The hours before sleep set conditions for recovery from artificial intelligence. An intentional evening routine can break the cycle of artificial intelligence disrupting sleep disrupting artificial intelligence.
Why Evening Routine Matters for Artificial Intelligence
Sleep is the most powerful artificial intelligence recovery mechanism — and the evening routine determines sleep quality. Without it, artificial intelligence persists through the night.
The Evidence-Based Evening Routine for Artificial Intelligence
2 hours before bed — reduce stimulation:
- Dim lights (signals melatonin production)
- No screens with blue light (or blue light blocking glasses)
- Avoid stimulating content (news, work emails)
1 hour before bed — wind down:
- Gentle physical activity: stretching or yoga
- Calming activities: reading fiction, warm bath, light conversation
- Brief reflection: what went well today? (shifts from artificial intelligence rumination)

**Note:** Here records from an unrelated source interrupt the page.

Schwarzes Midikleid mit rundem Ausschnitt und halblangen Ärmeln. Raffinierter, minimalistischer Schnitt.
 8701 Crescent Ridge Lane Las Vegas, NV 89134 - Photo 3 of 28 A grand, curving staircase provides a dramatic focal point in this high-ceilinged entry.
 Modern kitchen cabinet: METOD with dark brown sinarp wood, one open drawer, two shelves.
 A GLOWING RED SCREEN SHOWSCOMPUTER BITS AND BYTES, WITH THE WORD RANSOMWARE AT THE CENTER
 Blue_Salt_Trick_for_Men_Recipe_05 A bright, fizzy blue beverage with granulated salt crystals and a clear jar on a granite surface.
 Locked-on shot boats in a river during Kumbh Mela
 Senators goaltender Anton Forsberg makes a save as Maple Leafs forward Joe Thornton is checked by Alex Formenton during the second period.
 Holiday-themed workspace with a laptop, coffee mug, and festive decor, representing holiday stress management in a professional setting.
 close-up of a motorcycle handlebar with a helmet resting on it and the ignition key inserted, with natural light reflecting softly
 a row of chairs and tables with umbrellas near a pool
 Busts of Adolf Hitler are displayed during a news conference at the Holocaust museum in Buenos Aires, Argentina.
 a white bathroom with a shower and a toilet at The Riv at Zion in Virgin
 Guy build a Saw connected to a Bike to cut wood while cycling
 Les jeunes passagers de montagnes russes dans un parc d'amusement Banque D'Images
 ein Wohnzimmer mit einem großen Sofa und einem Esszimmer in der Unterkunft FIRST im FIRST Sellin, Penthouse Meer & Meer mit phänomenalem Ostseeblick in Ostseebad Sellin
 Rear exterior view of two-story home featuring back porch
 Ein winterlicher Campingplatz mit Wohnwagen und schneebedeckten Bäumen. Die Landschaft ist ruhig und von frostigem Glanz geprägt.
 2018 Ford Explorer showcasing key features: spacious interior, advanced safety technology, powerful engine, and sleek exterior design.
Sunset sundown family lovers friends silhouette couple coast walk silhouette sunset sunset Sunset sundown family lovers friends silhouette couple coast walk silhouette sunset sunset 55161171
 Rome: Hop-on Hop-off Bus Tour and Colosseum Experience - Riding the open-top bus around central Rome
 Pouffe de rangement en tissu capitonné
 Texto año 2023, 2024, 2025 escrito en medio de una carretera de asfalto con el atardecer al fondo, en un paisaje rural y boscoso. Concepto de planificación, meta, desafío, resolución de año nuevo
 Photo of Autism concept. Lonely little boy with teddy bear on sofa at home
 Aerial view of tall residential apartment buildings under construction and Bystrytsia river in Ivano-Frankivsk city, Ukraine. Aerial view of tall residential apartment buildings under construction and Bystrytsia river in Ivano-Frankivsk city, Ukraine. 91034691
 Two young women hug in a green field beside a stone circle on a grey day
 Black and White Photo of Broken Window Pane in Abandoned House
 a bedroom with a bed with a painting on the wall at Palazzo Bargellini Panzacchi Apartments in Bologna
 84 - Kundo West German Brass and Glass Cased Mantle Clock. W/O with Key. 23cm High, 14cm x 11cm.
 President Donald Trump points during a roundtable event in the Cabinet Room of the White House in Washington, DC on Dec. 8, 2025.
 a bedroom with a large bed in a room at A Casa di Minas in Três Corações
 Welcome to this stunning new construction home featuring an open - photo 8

30 minutes before bed — prepare:
- Consistent bedtime
- Cool, dark room
- Brief mindfulness or progressive muscle relaxation
When Artificial Intelligence Makes Sleep Impossible
If artificial intelligence is causing significant sleep disruption, Cognitive Behavioral Therapy for Insomnia (CBT-I) combined with artificial intelligence treatment is the most effective approach.